Content starts
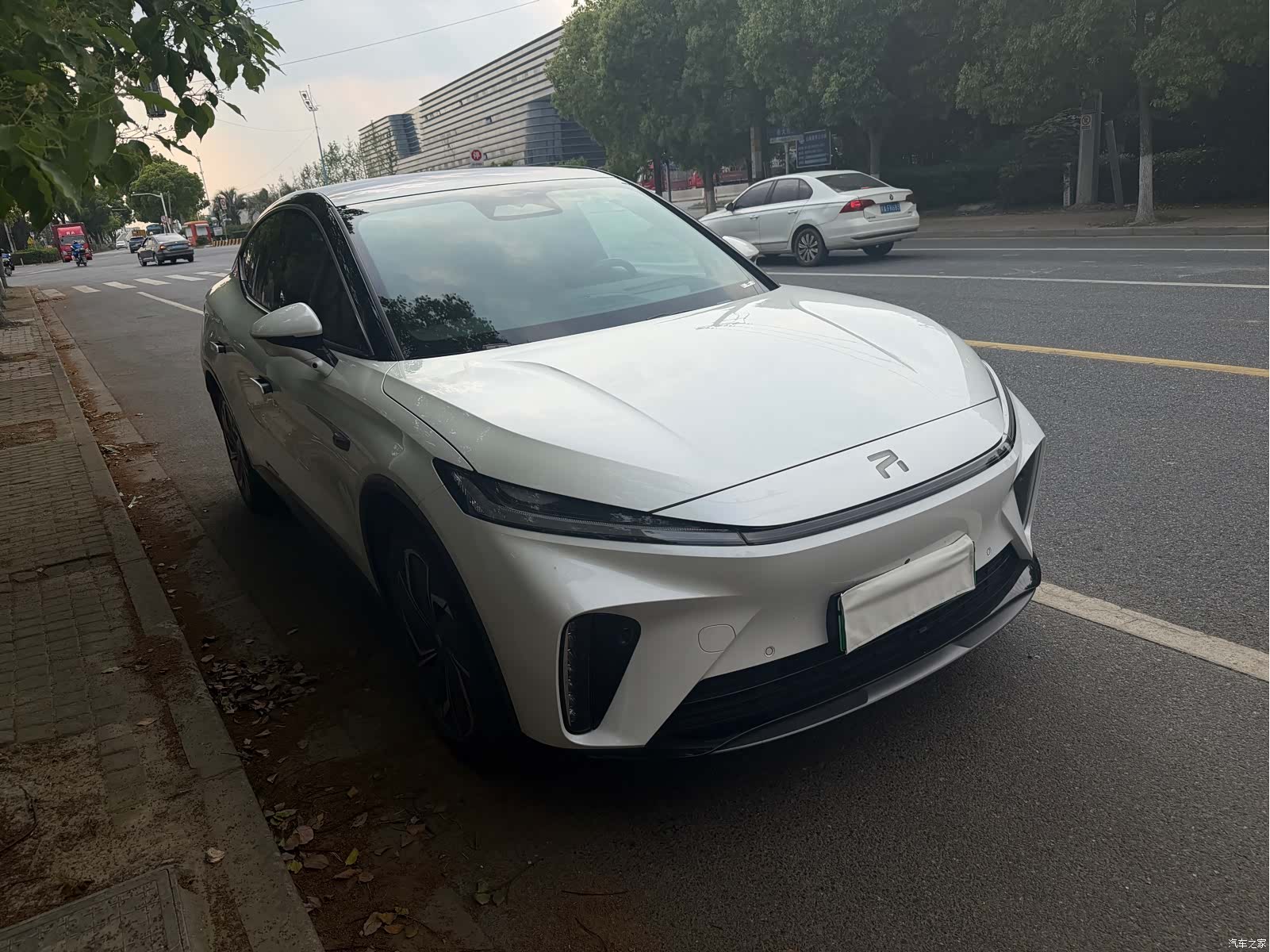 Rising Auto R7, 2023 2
Content ends
Content starts
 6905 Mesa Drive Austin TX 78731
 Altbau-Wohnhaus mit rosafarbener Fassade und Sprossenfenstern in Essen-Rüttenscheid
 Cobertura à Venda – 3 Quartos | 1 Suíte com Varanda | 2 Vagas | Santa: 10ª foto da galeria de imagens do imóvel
Content ends
* THE PROBLEM
Working from the records above, write out verbatim only the lines from the line containing "6905 Mesa Drive Austin TX 78731" through the line containing "Cobertura à Venda".

* ANSWER SECTION
 6905 Mesa Drive Austin TX 78731
 Altbau-Wohnhaus mit rosafarbener Fassade und Sprossenfenstern in Essen-Rüttenscheid
 Cobertura à Venda – 3 Quartos | 1 Suíte com Varanda | 2 Vagas | Santa: 10ª foto da galeria de imagens do imóvel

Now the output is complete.